▶ [Required work]
All of the lines below need to be copied exactly, apart from the pictures.

▶ [Given data]
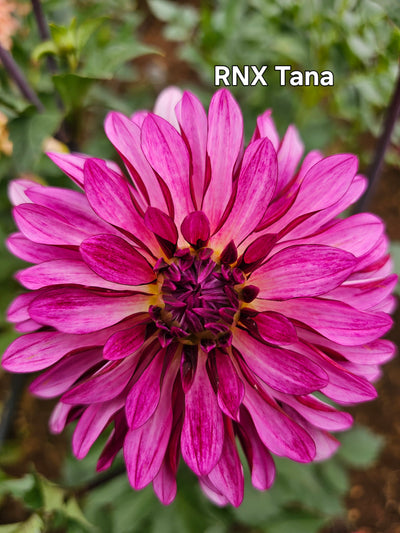RNX Tana
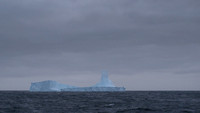 Icebergs, South Georgia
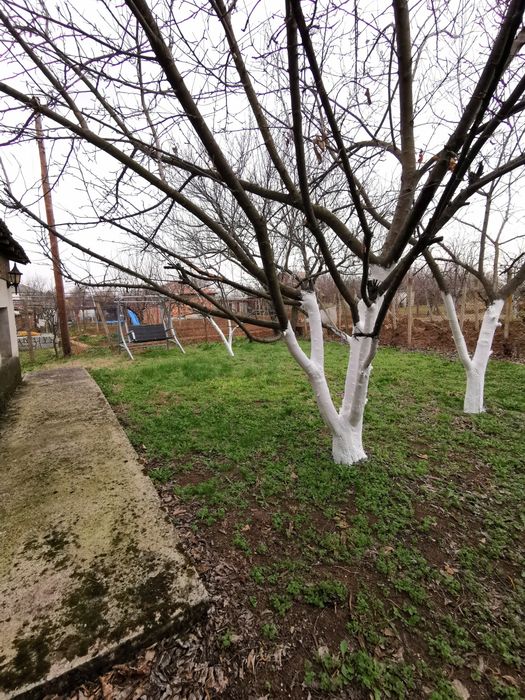 Етаж от къща , с двор и гараж в село Първомайци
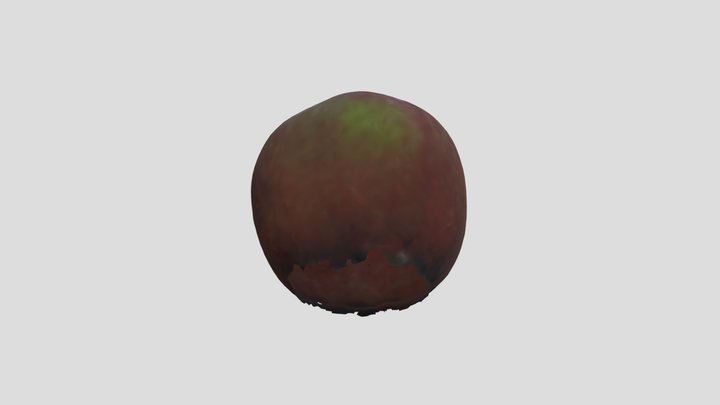 apple 3D Model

▶ [Result]
RNX Tana
 Icebergs, South Georgia
 Етаж от къща , с двор и гараж в село Първомайци
 apple 3D Model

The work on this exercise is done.